A Microsoft Office (Excel, Word) forum. OfficeFrustration

If this is your first visit, be sure to check out the FAQ by clicking the link above. You may have to register before you can post: click the register link above to proceed. To start viewing messages, select the forum that you want to visit from the selection below.
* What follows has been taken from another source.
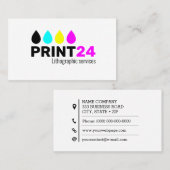 Lithografische printer visitekaartje (Voorkant / Achterkant)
Go Back   Home » OfficeFrustration forum » Microsoft Access » Database Design
Site Map Home Register Authors List Search Today's Posts Mark Forums Read  

"Normalizing" imported data



 
 
Thread Tools Display Modes
  #1  
Old December 14th, 2009, 02:32 PM posted to microsoft.public.access.tablesdbdesign
pccdavef
external usenet poster
 
Posts: 2
Default "Normalizing" imported data

Hello all -

I have a situation where I'm importing substantial amounts of data (30,000 to
120,000 rows at a pop) from three external sources through a text file or an
Excel spreadsheet into three different data tables. I've established lookup
tables for those fields that can reasonably be normalized between and amongst
the data tables.

The process I'm going through is:

1. Import the raw data into an "import" table that matches the structure of
the source data. Also included in the import table are columns for foreign
keys of 'normalizable' fields, which are set to 0 when the source data is
imported.

2. Append any new lookup data that may be present in the source file to the
lookup tables.

3. Run a series of update queries on the import table to update the foreign
key fields with the keys of the lookup data. Depending on the source data
file, there are between 3 and 7 of these update queries.
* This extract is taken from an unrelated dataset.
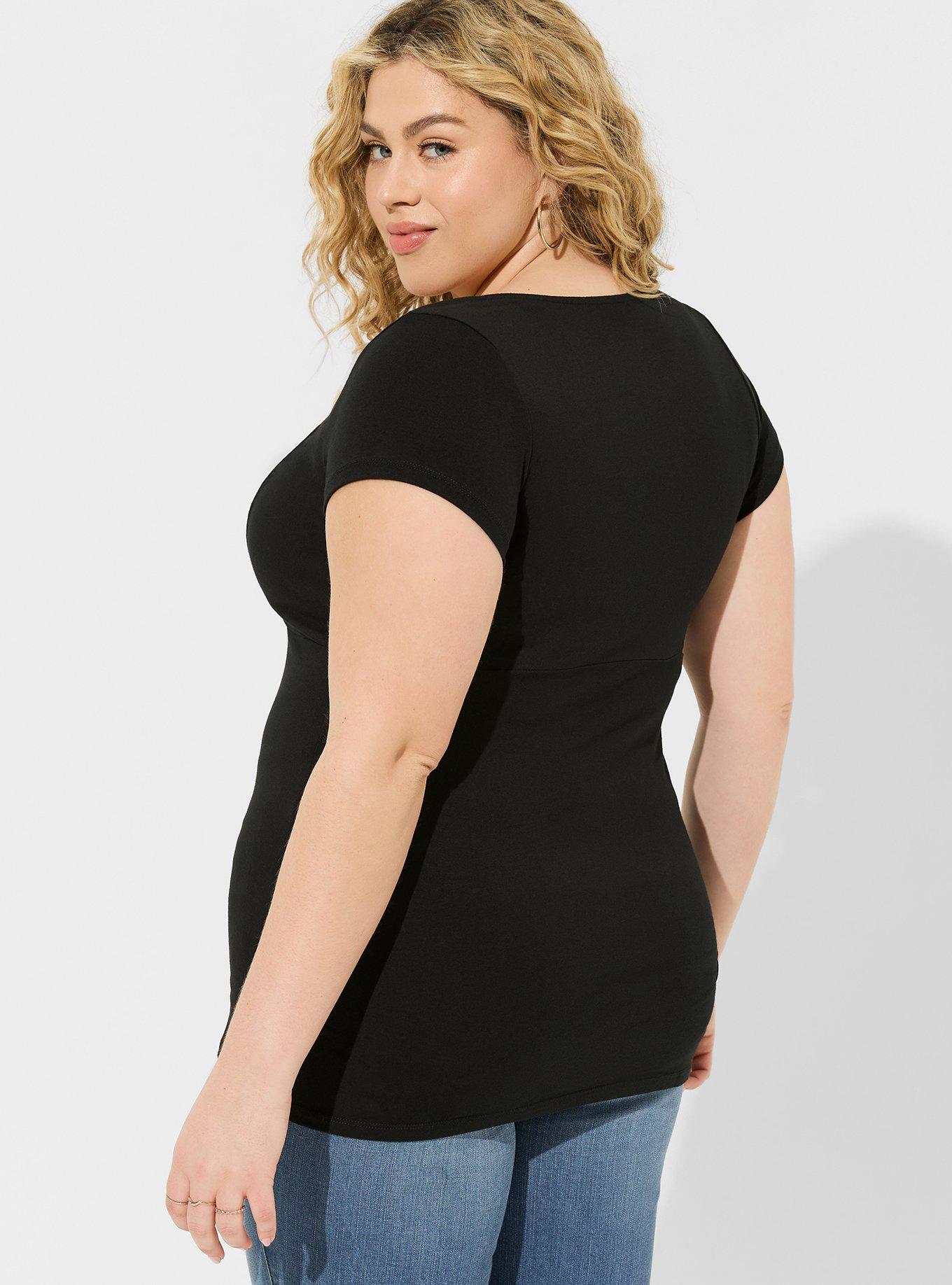 Foxy Sweetheart Neck Cap Sleeve Top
4. Append new records into the data table using only the foreign key values
where applicable.

I'm discovering that the update queries in step 3 are taking a LONG time to
run (several minutes each), which is going to annoy my users to no end.

My questions a
- are there other, better processes or data structures to use?
- is there a way of optimizing update queries?

I appreciate any help or suggestions -
Dave

  #2  
Old December 14th, 2009, 02:49 PM posted to microsoft.public.access.tablesdbdesign
Jeff Boyce
external usenet poster
 
Posts: 1,555
Default "Normalizing" imported data

JOPO (just one person's opinion)...

Adding rows of data can slow down if your tables are indexed, as Access will
need to check existing rows to enforce constraints and do the indexing.

On the other hand, removing the index could mean loading bogus data.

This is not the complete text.